Matin à neuf œufs
Il y a des œufs brisés tout au long du chemin. Ils sont bleu pâle. Chaque jour il y en a plus. Ce matin, j’ai pour la première fois compté les œufs en marchant. Neufs œufs, ça semble beaucoup. Certains sont des œufs de grive, et d’autres pourraient être des œufs de en merle. Peut-être que ce sont tous des œufs de grive. Ou peut-être que ce sont tous des œufs de merle. Les teintes de bleu varient d’un bleu très clair, presque blanc, à un bleu vif, presque bleu-vert.

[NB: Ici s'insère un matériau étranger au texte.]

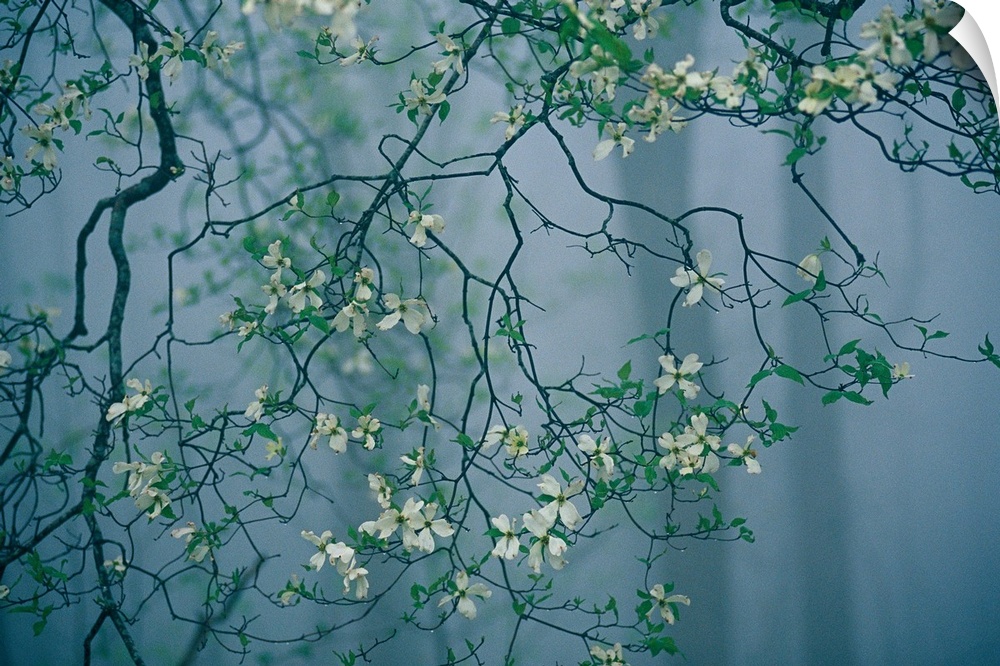 Dogwood blossoms in a foggy forest.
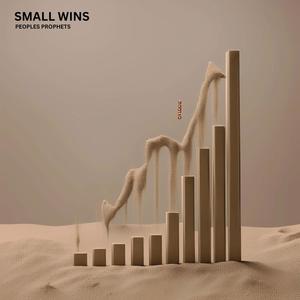 SMALL WINS (Explicit)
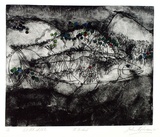 Artist: Shepherdson, Gordon. | Title: The Mackerel: Number twelve | Date: 1979 | Technique: etching and aquatint, printed in colour with plate-tone, from one plate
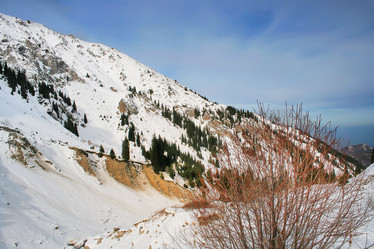 Similar image 1484125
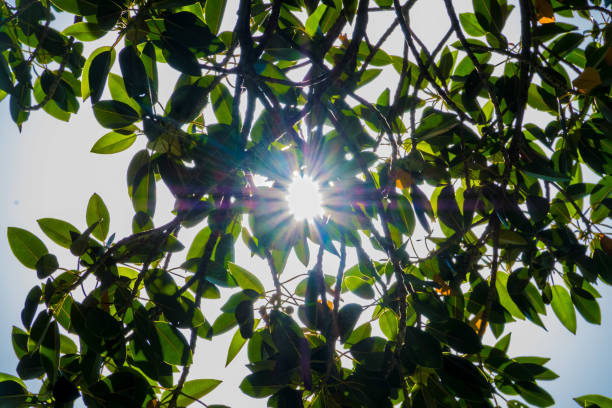 istock Sun glare through the leaves of a tree, blue sky 1278036884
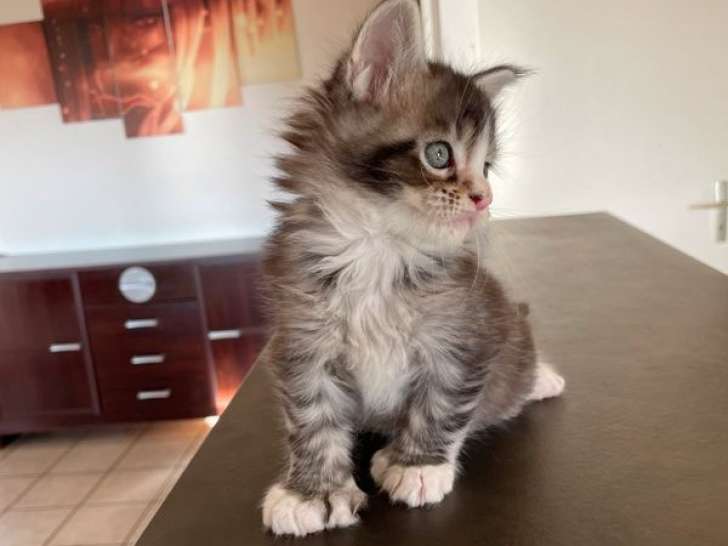 1 chaton mâle Maine Coon LOOF polydactyle à réserver, né en août 2025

Je ne suis pas meilleure pour identifier les œufs que pour reconnaître les oiseaux. Je suis enchantée lorsque je trouve un gros morceau de coquille intact, ou un œuf proprement brisé en deux parties égales.
J’oublie qu’elle est un chien
Alors qu’Emily et moi remontions le chemin, j’ai vu une explosion de plumes par terre. Le désordre indiquait qu’un pigeon avait été mangé par un renard. Il ne restait pas grand-chose de plus qu’un éparpillement de plumes. Quelques mètres plus loin j’ai vu les ailes de l’oiseau, parfaitement alignées sur le sol. Elles étaient exactement dans la position où elles auraient été si l’oiseau avait encore été au centre. J’ai admiré les ailes pendant quelques minutes. J’aurais aimé avoir un appareil photo pour photographier l’absence de l’oiseau. J’ai continué le long du chemin. Em n’est pas venue avec moi, et elle n’a pas répondu lorsque je l’ai sifflée un peu après. Quand je suis retournée la chercher, je l’ai trouvée occupée à lécher et mâchouiller les restes de chair laissés par le renard aux extrémités des ailes. J’etais choquée qu’elle ait ruiné ce charmant tableau d’ailes sans oiseau. Parfois j’oublie qu’elle est un chien.
Je donne des coups dans les buissons et les arbres avec un gros bâton. J’alerte tous les chasseurs de ma présence. J’alerte aussi les oiseaux.
Il y a toujours le premier quelque chose à anticiper ou à célébrer, mais rien ne provoque autant d’excitation que La Première Hirondelle.